An interesting discussion with my uber driver led me to reflect on some of my more testing relationships. He said that both he and his wife had met with their daughter’s teacher. One felt the teacher was very difficult to deal with, the other said that the teacher was very cooperative.
Very interesting indeed that the same person behaved differently with the Dad and the Mum.
- Was it because of gender?
- Had the teacher had a bad day?
- Was it purely just random or even moonphase?
The psychology background in me was itching to know more.
The driver went on to say that both he and his wife had approached the conversation with the teacher very differently. One had gone in to raise and address a problem and was met with significant pushback. Knowing this, the other had gone in to build a relationship first, before trying to raise any issues.

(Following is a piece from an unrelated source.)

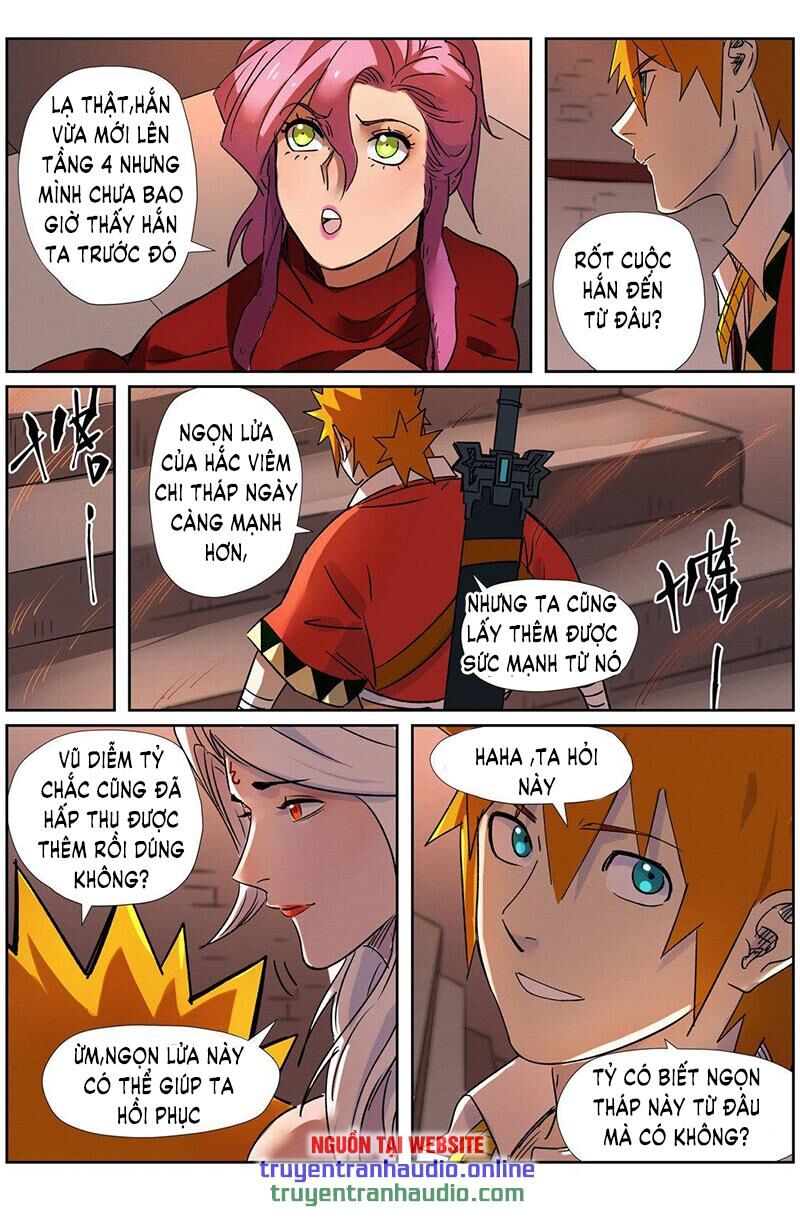 Trang 9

During the second teacher / parent conversation there was an effort made to find something they could connect on. In the driver’s words ‘I just tried to get the teacher talking about something they were interested in first’.

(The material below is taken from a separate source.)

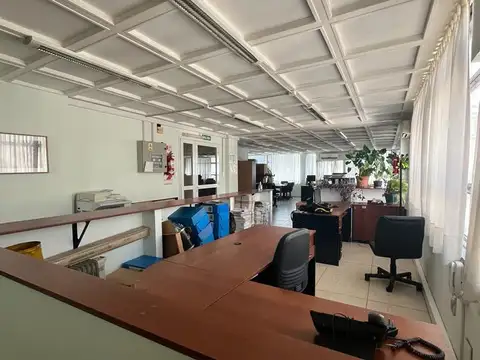 Oficina en Venta al Norte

It makes perfect sense. We don’t like to be told there is a problem, let alone from someone we don’t know, like or respect. It was no wonder there was some degree of pushback.
So, it got me thinking - how many of the people I met who I found difficult to deal with, were actually just responding to my behaviour? Were they just giving back what I was putting out?

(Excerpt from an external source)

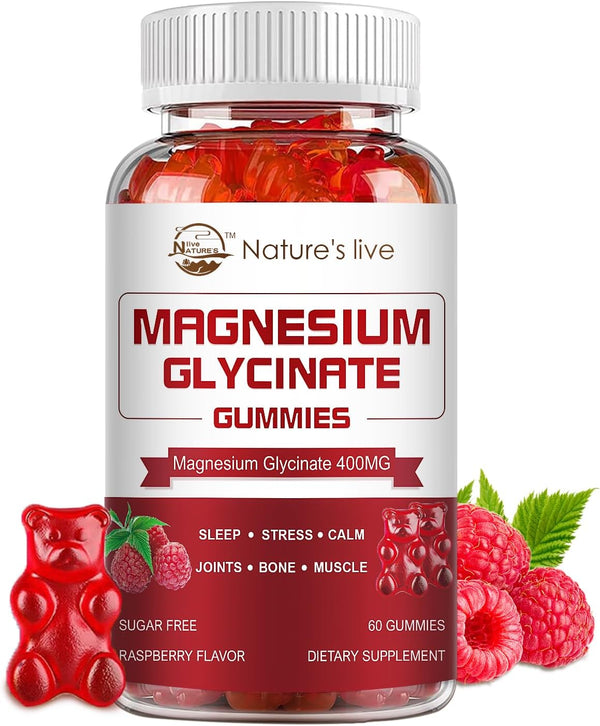 magnesium-glycinate-gummies-sugar-free-magnesium-s-1.jpg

This concept is something that I try to adopt in every negotiation (although it can be hard if you truly don’t like your counterparty). Is there something we share as common ground and how can I position myself as this person’s solution rather than being their problem. If I do my job as a negotiator well, they should look good.
I’m not saying I’m going to be soft on the issues. My goal is to be ‘tough on the issues, but soft on the people’.